▶ [DATA FOR ANALYSIS]
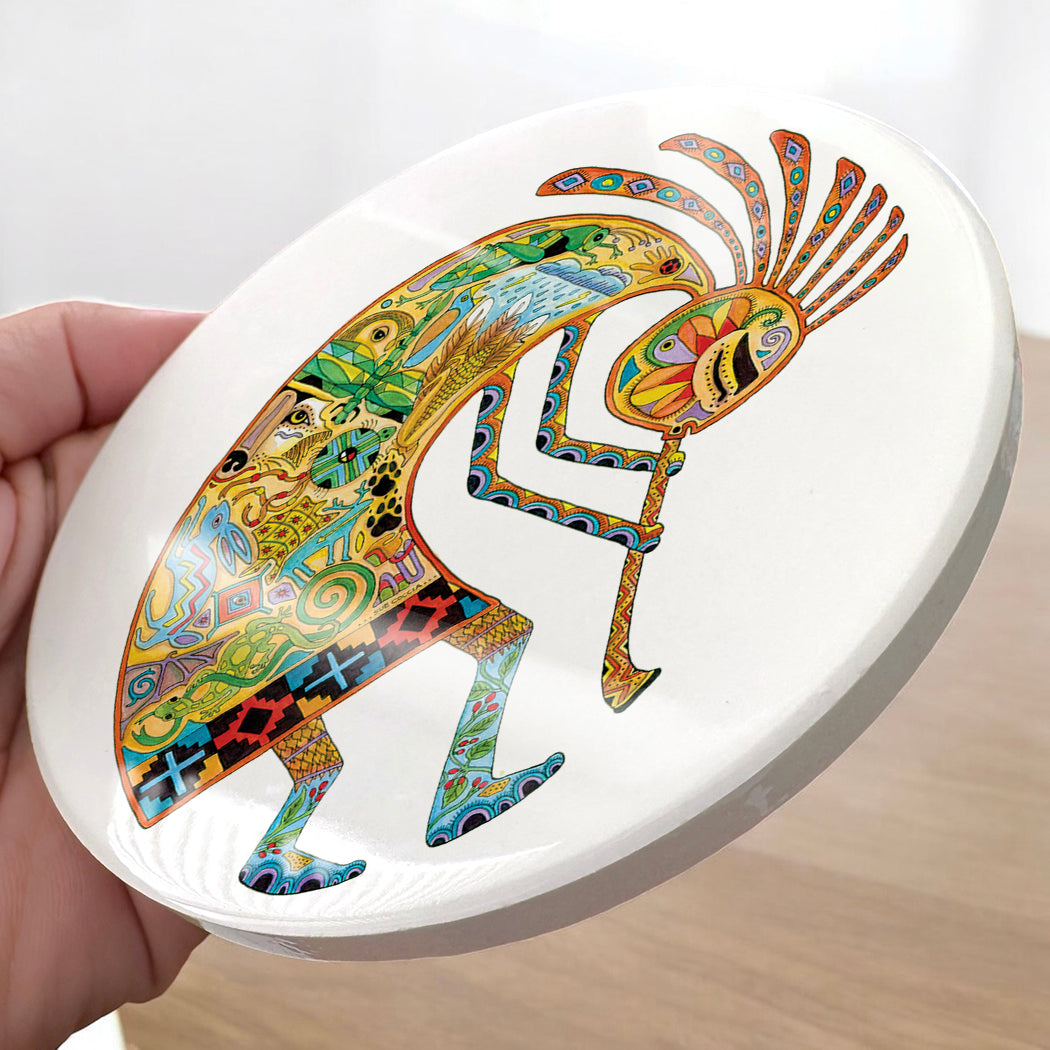 Kokopelli Glazed Ceramic Coaster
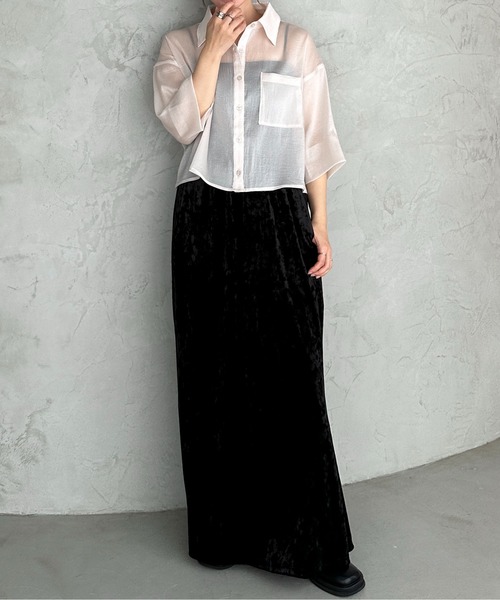 feepur（フェピュール）の「ボックスショートシアーシャツ（シャツ/ブラウス・レディース・ブラック/グリーン/アイボリー・MEDIUM）」の8枚目の写真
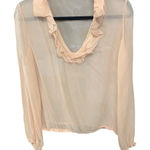 Moda International Blush Pink Ruffle Long Puff Sleeve See Thru 100% Silk Sz Sm‎ Photo 0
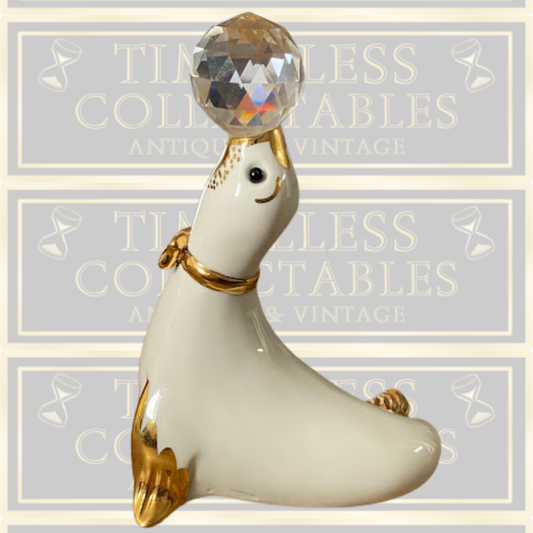 Vintage Capodimonte White Porcelain Seal Swarovski Crystal Ball.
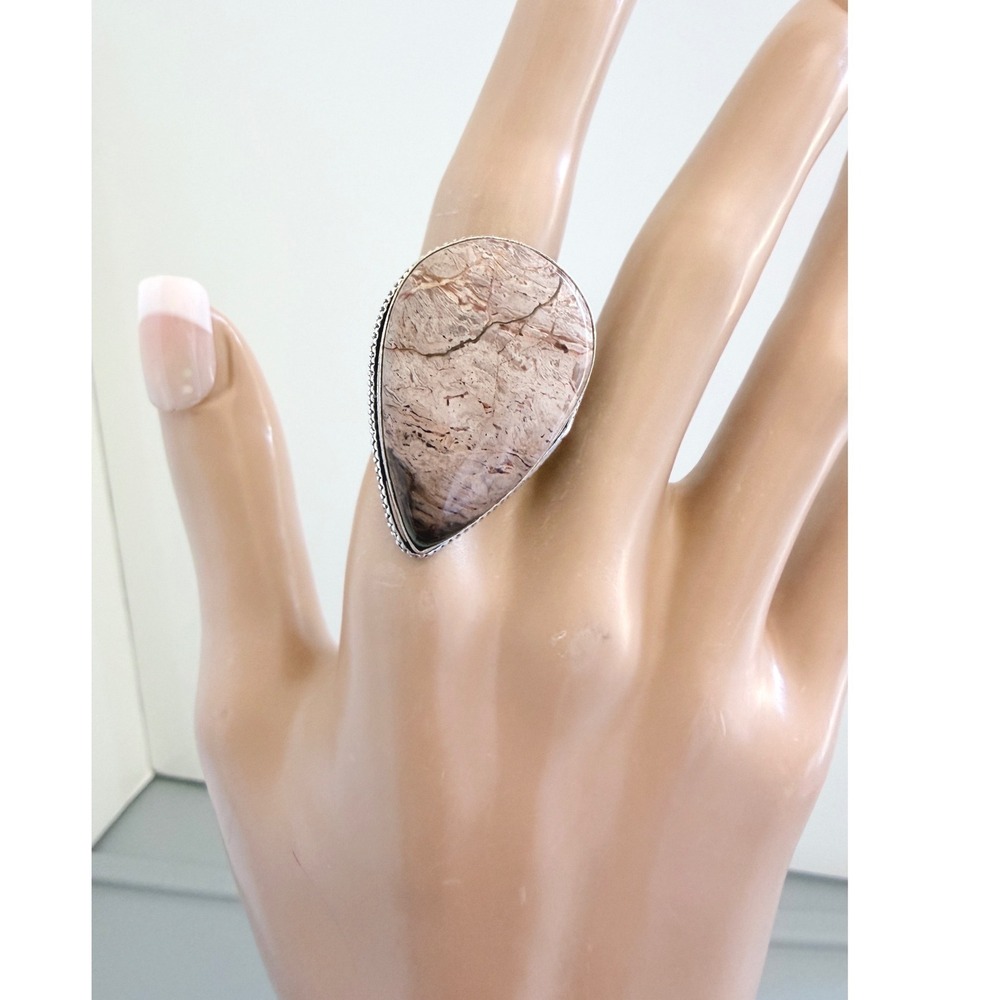 Hand Crafted Picture Jasper Ring Womens Size 7.5 Tan New Silver Plated Teardrop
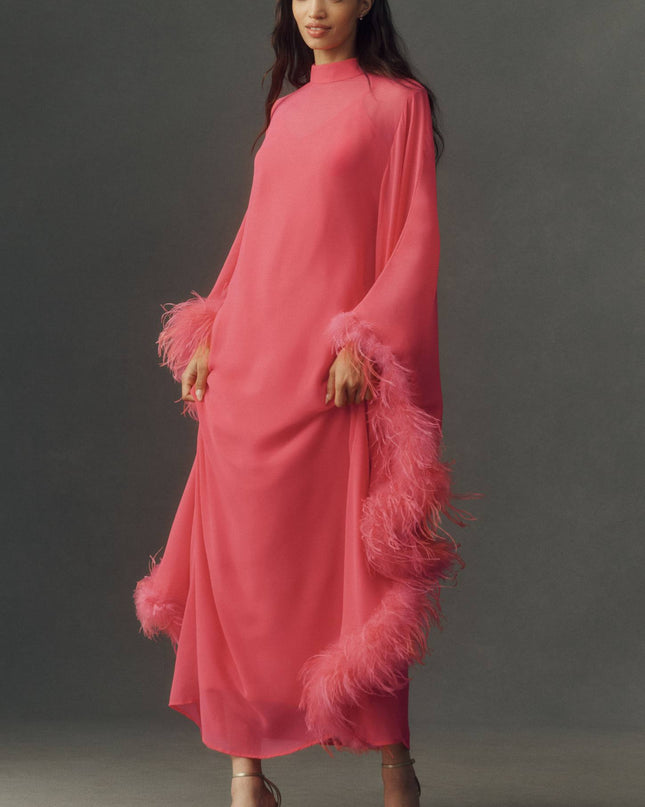 fp2-color:085|Hutch Feathered Women's Satin Kaftan Maxi Dress — Coral — 1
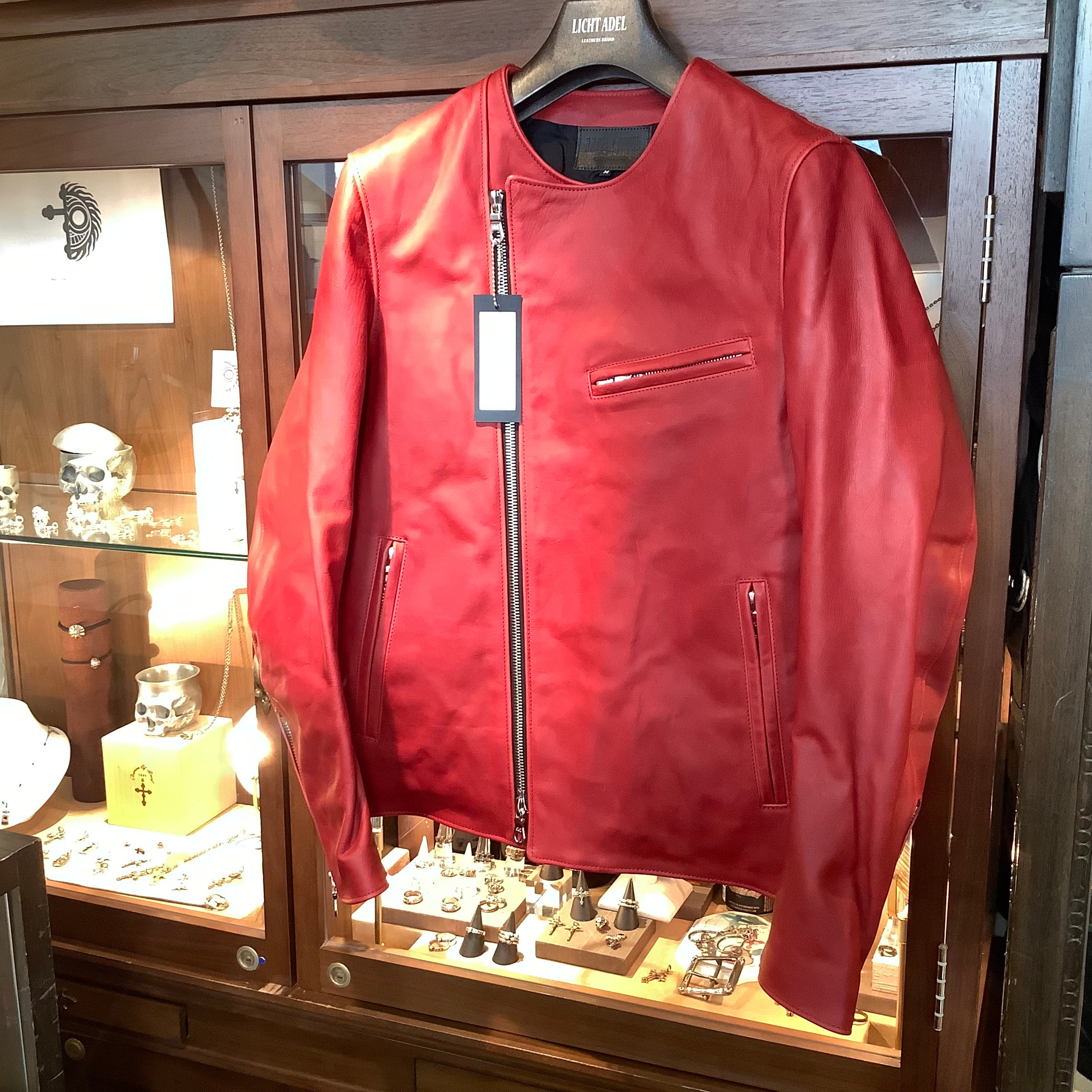 Licht Adel LW-JKT02 Collarless Double Jacket Red leather riders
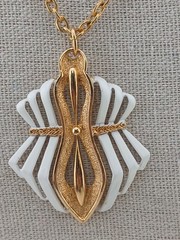RARE J.J Gold Tone White Enamel Geometric Art Deco inspired pendant necklace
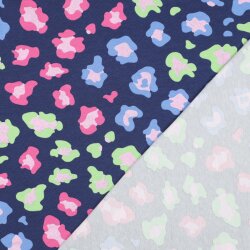 Baumwolljersey Glitzer bunte Leoflecken - dunkelstahlblau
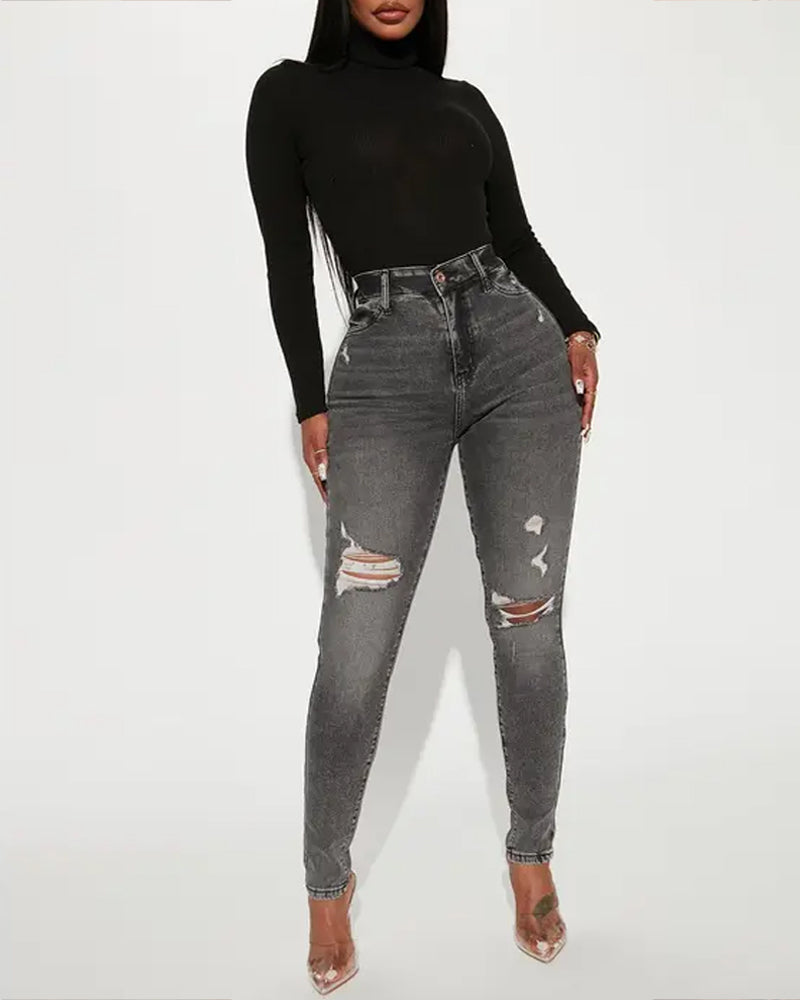 Washed High-stretch Tight-fitting Ripped Skinny Jeans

▶ [WORK TO BE COMPLETED] Write the records out exactly once more, leaving off the pictures.

▶ [SOLUTION TO THIS PROBLEM]
 Kokopelli Glazed Ceramic Coaster
 feepur（フェピュール）の「ボックスショートシアーシャツ（シャツ/ブラウス・レディース・ブラック/グリーン/アイボリー・MEDIUM）」の8枚目の写真
 Moda International Blush Pink Ruffle Long Puff Sleeve See Thru 100% Silk Sz Sm‎ Photo 0
 Vintage Capodimonte White Porcelain Seal Swarovski Crystal Ball.
 Hand Crafted Picture Jasper Ring Womens Size 7.5 Tan New Silver Plated Teardrop
 fp2-color:085|Hutch Feathered Women's Satin Kaftan Maxi Dress — Coral — 1
 Licht Adel LW-JKT02 Collarless Double Jacket Red leather riders
RARE J.J Gold Tone White Enamel Geometric Art Deco inspired pendant necklace
 Baumwolljersey Glitzer bunte Leoflecken - dunkelstahlblau
 Washed High-stretch Tight-fitting Ripped Skinny Jeans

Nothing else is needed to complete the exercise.